### ABOUT THIS TASK
Starting at the line that contains "二つの若い恋人ゆっくりとクソでベッド 女 ...", repeat each line of the listing below through the last one, exactly, and leave out every picture.

### EXCERPTED DATA
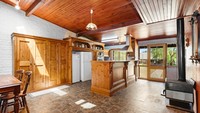 Tepat di sebelah ruang keluarga terdapat dapur. Kondisinya lebih modern karena sudah dipasangi cooker hood atau alat penyedot asap dapur.Dapur di rumah ini langsung tembus ke halaman belakang. Di area dapur juga ada meja makan yang hanya menampung 4 orang saja. Foto: Dok. Ray White Australia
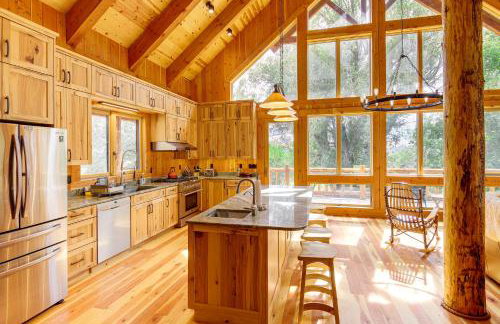 Nordic Style Lodge with Deck on 80 Acres in Arlee - Foto 7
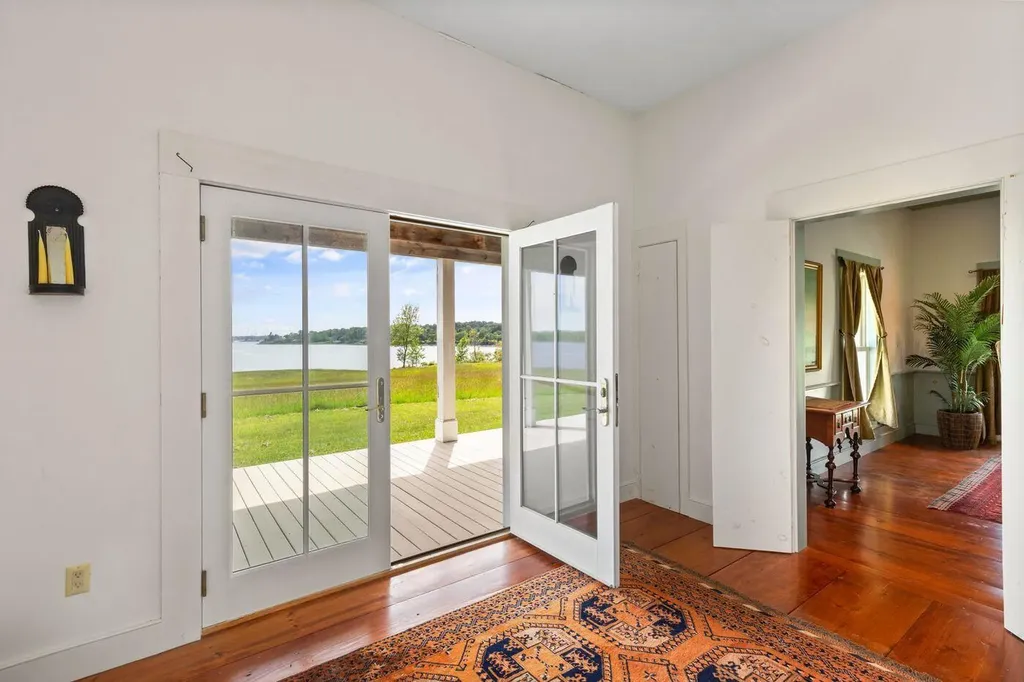 118 Wescott Battery Castine ME 04421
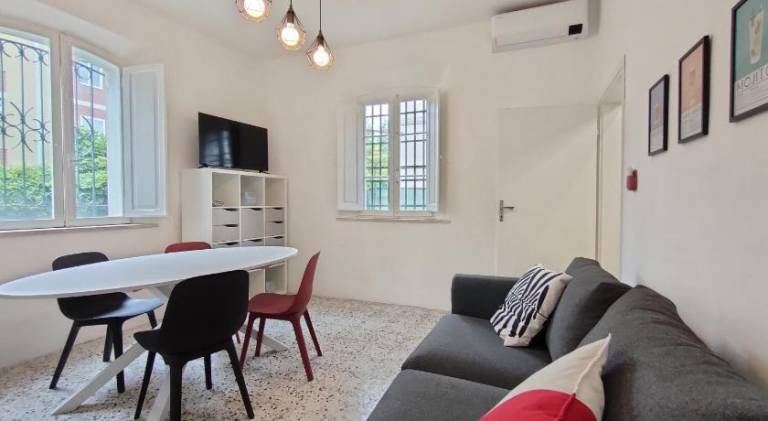 Holiday apartment with yard & grill — photo 2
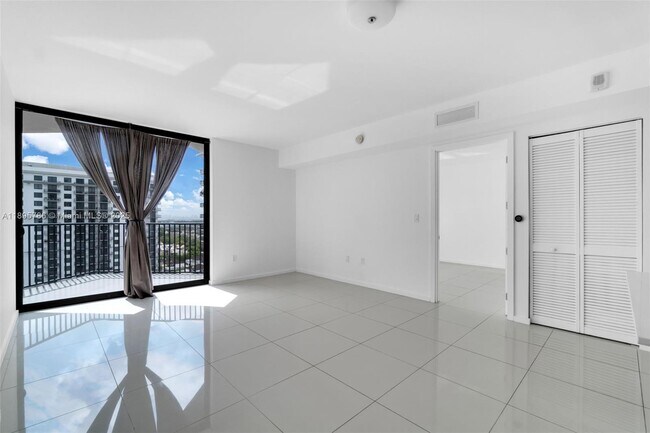 Building Photo - 5252 NW 85th Ave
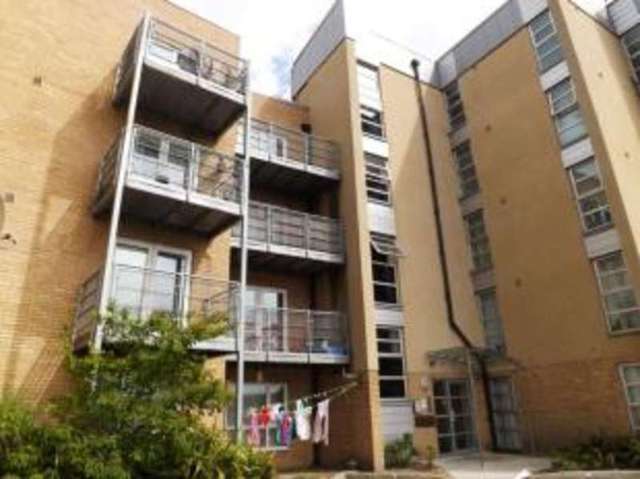  Image of 2 bedroom Flat for sale in Oldchurch Road Romford RM7 at 29 Oldchurch Road Romford Rush Green, RM7 0BG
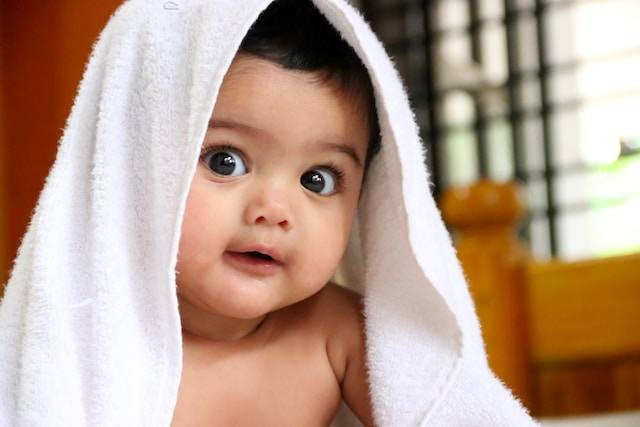 Ilustrasi Cara Mengatasi Anak Susah Mandi. Foto: dok. Unsplash/Nihal Karkala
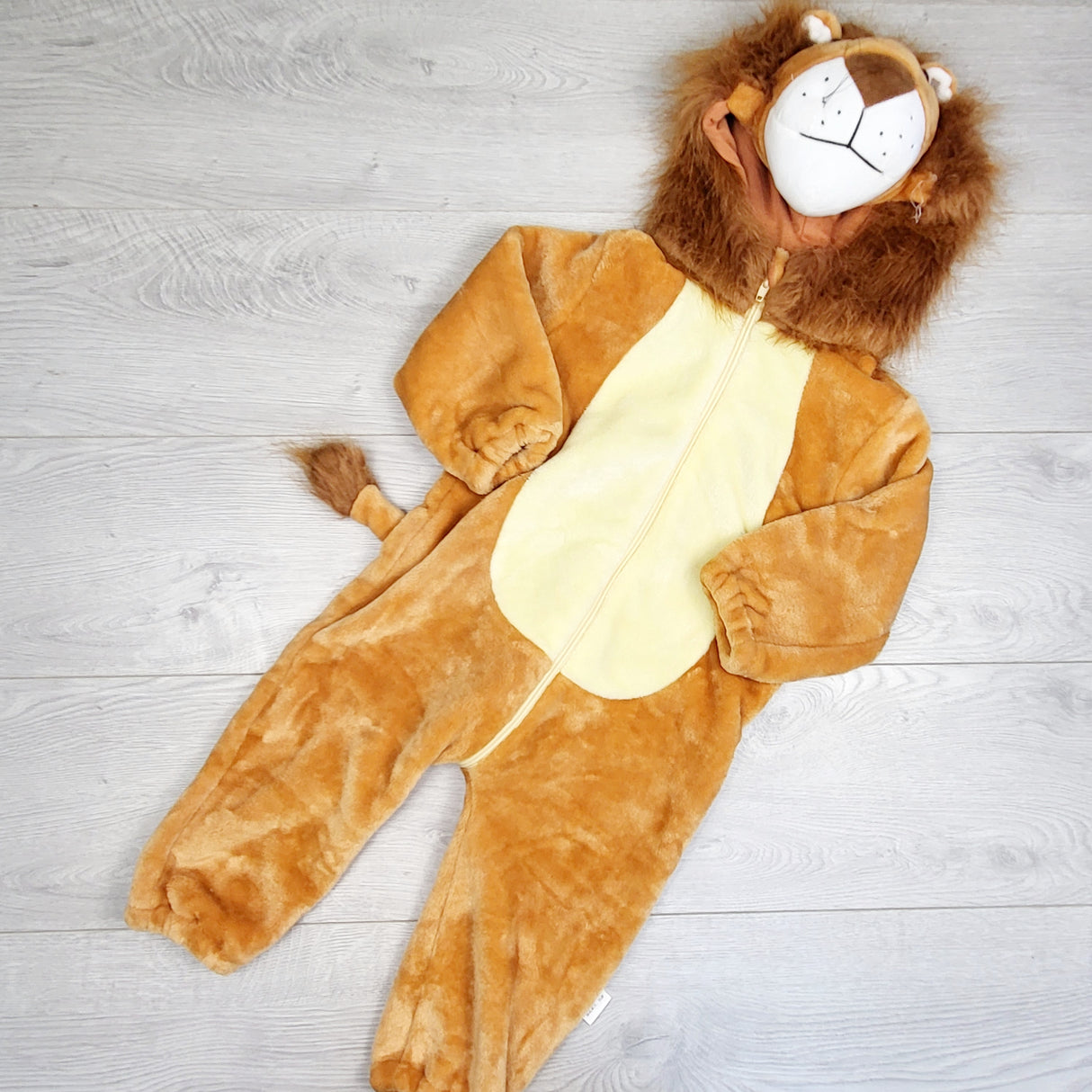 ROWB11 - Plush lion costume. Approx 24 months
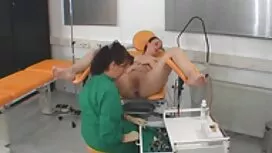 二つの若い恋人ゆっくりとクソでベッド 女 ...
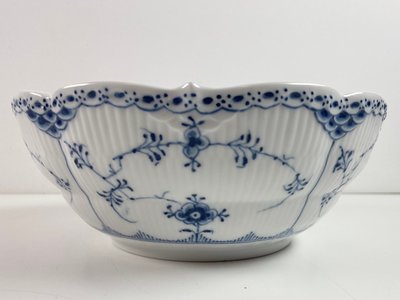 Sjælden royal Copenhagen skål nr. 632 halvblonde.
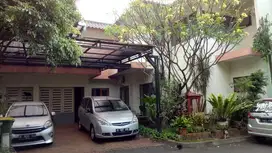 Dijual rumah di lebak bulus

### OUTPUT
 二つの若い恋人ゆっくりとクソでベッド 女 ...
 Sjælden royal Copenhagen skål nr. 632 halvblonde.
 Dijual rumah di lebak bulus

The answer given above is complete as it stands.